- [Records supplied]
BEGIN
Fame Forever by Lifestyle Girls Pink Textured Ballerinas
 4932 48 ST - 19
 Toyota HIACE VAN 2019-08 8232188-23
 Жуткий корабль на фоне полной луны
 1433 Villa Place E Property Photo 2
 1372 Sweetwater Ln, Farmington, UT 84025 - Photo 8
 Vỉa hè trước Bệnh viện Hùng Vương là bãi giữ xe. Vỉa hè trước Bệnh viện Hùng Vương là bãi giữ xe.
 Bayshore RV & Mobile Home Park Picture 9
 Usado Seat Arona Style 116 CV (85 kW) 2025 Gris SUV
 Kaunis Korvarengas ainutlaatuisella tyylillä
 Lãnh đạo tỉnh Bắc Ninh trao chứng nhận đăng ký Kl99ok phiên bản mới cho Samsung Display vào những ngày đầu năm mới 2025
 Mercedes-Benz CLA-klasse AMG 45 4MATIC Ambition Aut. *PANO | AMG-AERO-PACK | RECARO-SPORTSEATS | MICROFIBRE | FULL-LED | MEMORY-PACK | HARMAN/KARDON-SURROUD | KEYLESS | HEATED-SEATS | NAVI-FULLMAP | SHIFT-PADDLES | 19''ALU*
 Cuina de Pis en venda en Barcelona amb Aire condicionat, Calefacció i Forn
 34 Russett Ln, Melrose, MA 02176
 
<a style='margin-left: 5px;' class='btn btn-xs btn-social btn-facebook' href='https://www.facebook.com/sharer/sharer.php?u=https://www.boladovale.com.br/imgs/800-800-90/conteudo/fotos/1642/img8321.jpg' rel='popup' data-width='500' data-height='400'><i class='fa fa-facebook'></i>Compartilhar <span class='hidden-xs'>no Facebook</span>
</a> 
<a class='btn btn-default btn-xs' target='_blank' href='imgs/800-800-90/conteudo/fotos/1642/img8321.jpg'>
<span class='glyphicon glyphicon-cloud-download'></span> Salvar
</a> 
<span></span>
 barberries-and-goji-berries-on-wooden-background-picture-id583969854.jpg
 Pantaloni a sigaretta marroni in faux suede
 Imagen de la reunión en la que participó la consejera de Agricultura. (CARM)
END
- [Instructions for the task] Show every line of the listing in which the string "Photo" can be found.

- [Task solution]
 1433 Villa Place E Property Photo 2
 1372 Sweetwater Ln, Farmington, UT 84025 - Photo 8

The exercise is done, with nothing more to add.